Personally I feel that the best choice of show so far at the Barn Theatre is the current one - Jim cartwright’s “The Rise and Fall of Little voice” – one of the greatest plays of the twentieth century.

So good was the original production it was made into a film, but you can’t beat the live experience, and it’s a rare opportunity.

Michael Strassen’s directing does this dark but funny play justice, made possible with a strong cast and an imaginative but practical design from Christina Cammarota.

Exploding fuse boxes punctuate the action of this tragi-comic play, as if a metaphor.

The diminutive heroine, known as Little Voice, hides in her room, playing her dead father’s records, in order to escape her alcoholic mother’s intrusions.

But Little Voice has a hidden talent - she can emulate every chanteuse from Judy Garland to Edith Piaf.

Sarah Louise Hughes is a great find for the Barn Theatre, delivering this role for her professional debut. Hughes delivers a huge contrast between the two sides of the character – rather depressing as the quiet daughter, then almost grotesque when inhabiting the singers in her dead father’s record collection. Appropriately, neither side of her character is comfortable to watch.
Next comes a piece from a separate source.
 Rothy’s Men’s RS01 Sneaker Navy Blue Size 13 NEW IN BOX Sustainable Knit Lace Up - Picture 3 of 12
Meanwhile Little Voice’s mother Mari, brilliantly played by Gillian McCafferty, gets the lion share of Cartwright’s juicy words, vile words beautifully crafted to make poetry out of poverty.

Tragically dishevelled, Mari mistakes a seedy agent’s interest as affection rather than his opportunity to make money out of her daughter’s talents. McCafferty gives a towering performance of a character effectively being dismantled, whilst in contrast her daughter eventually begins to find her true ‘voice’.

Well done Barn Theatre. Keep them coming!


The Rise and Fall of Little Voice runs in the Barn Theatre until August 4 2018.